▶ **Task requirements**
Return the listing that follows exactly, with no pictures included.

══ Collected data

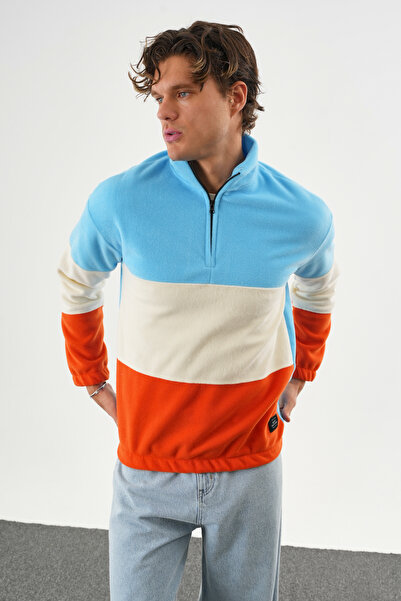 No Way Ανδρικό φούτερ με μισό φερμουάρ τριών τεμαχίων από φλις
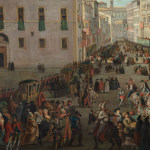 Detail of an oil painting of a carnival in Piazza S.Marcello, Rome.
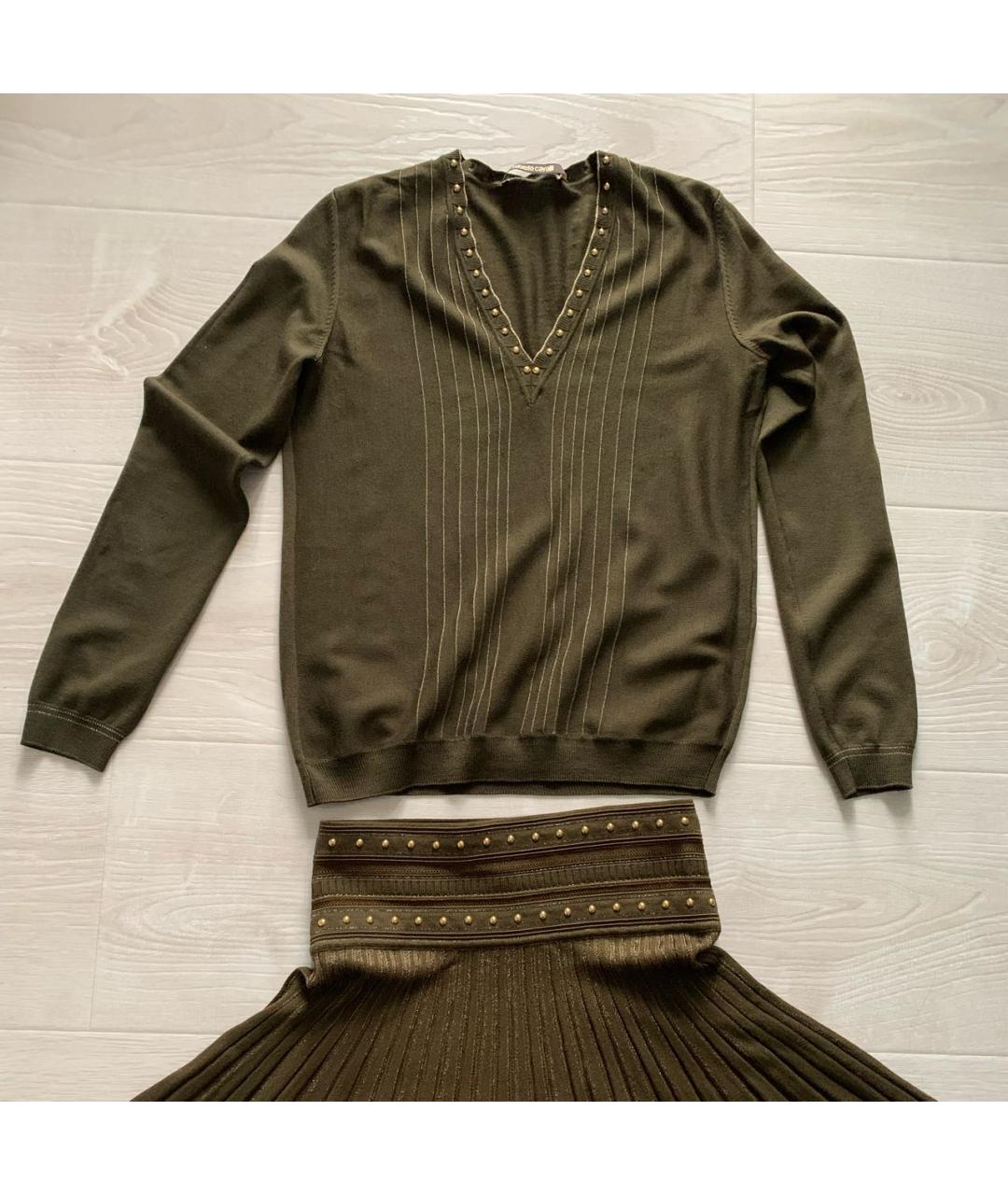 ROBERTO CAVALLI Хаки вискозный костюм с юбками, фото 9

════

▶ **Written answer**
 No Way Ανδρικό φούτερ με μισό φερμουάρ τριών τεμαχίων από φλις
 Detail of an oil painting of a carnival in Piazza S.Marcello, Rome.
 ROBERTO CAVALLI Хаки вискозный костюм с юбками, фото 9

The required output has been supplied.